━━━━━ MATERIAL SHOWN ━━━━━

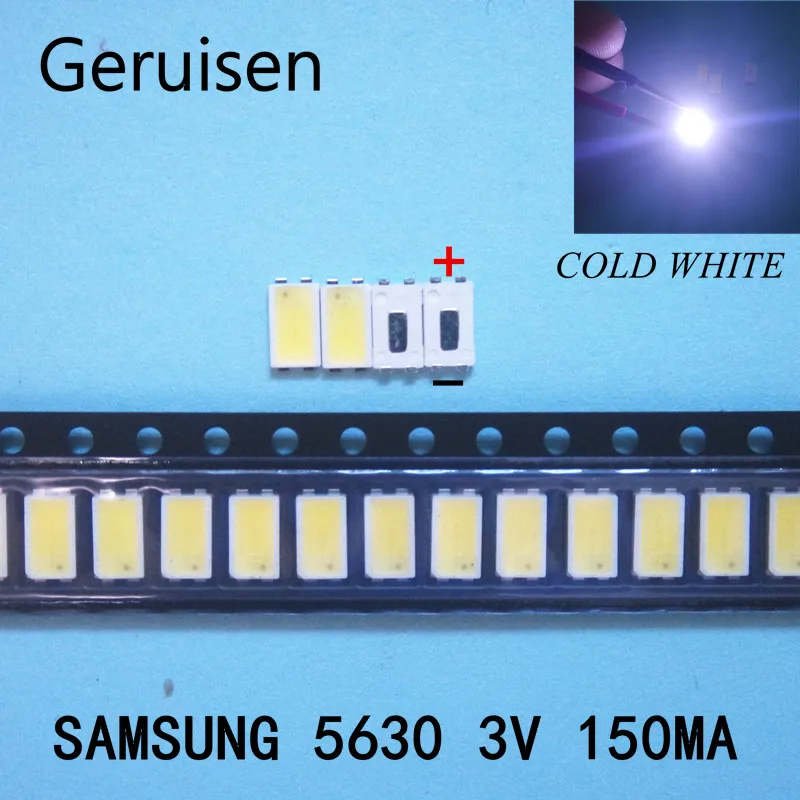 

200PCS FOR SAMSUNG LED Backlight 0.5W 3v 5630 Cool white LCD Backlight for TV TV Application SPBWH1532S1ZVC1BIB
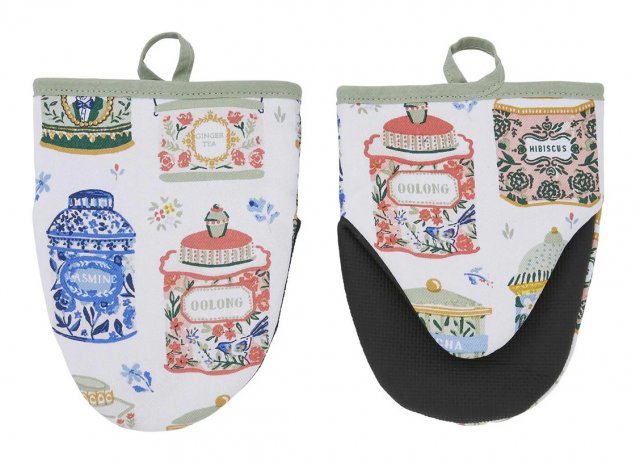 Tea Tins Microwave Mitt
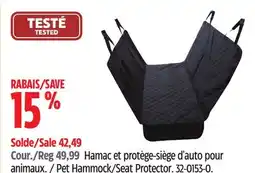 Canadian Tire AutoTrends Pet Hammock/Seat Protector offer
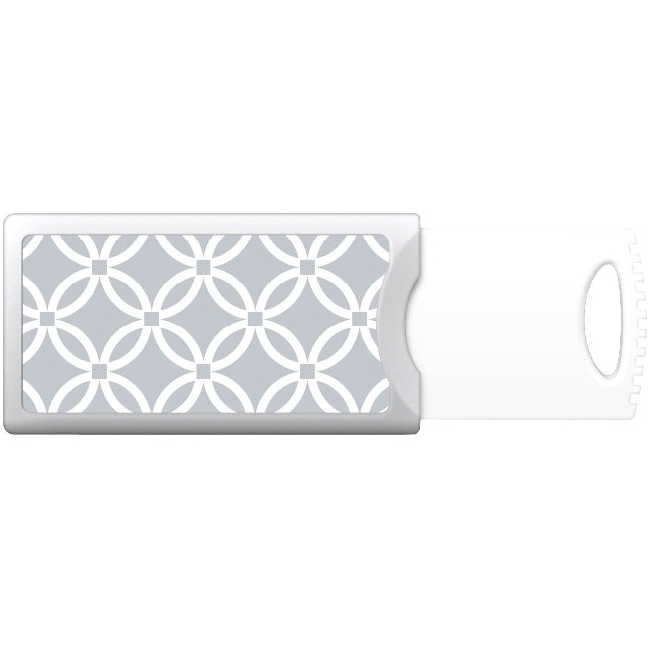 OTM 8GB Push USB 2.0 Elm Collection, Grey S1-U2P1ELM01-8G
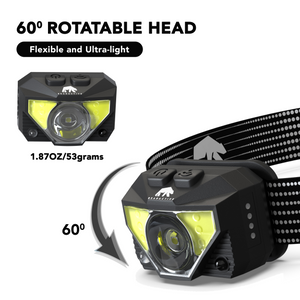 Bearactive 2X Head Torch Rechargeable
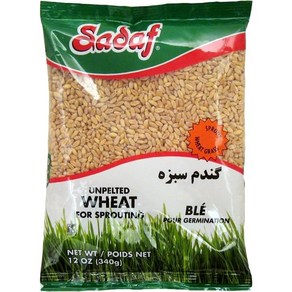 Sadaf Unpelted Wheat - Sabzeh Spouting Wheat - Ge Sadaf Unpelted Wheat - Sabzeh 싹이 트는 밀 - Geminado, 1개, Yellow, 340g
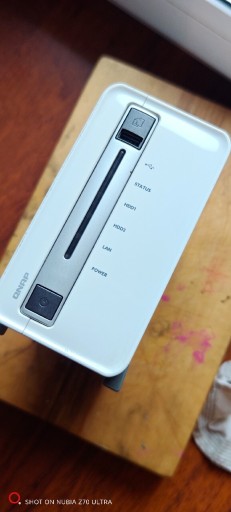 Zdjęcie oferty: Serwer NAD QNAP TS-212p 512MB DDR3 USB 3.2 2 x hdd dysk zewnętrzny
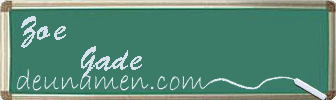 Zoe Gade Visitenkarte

━━━━━

HOW TO COMPLETE THIS TASK
Every line from the one with "Canadian Tire AutoTrends" through the end of the records above belongs in the answer, copied exactly; no picture does.

RESPONSE
 Canadian Tire AutoTrends Pet Hammock/Seat Protector offer
 OTM 8GB Push USB 2.0 Elm Collection, Grey S1-U2P1ELM01-8G
 Bearactive 2X Head Torch Rechargeable
 Sadaf Unpelted Wheat - Sabzeh Spouting Wheat - Ge Sadaf Unpelted Wheat - Sabzeh 싹이 트는 밀 - Geminado, 1개, Yellow, 340g
 Zdjęcie oferty: Serwer NAD QNAP TS-212p 512MB DDR3 USB 3.2 2 x hdd dysk zewnętrzny
 Zoe Gade Visitenkarte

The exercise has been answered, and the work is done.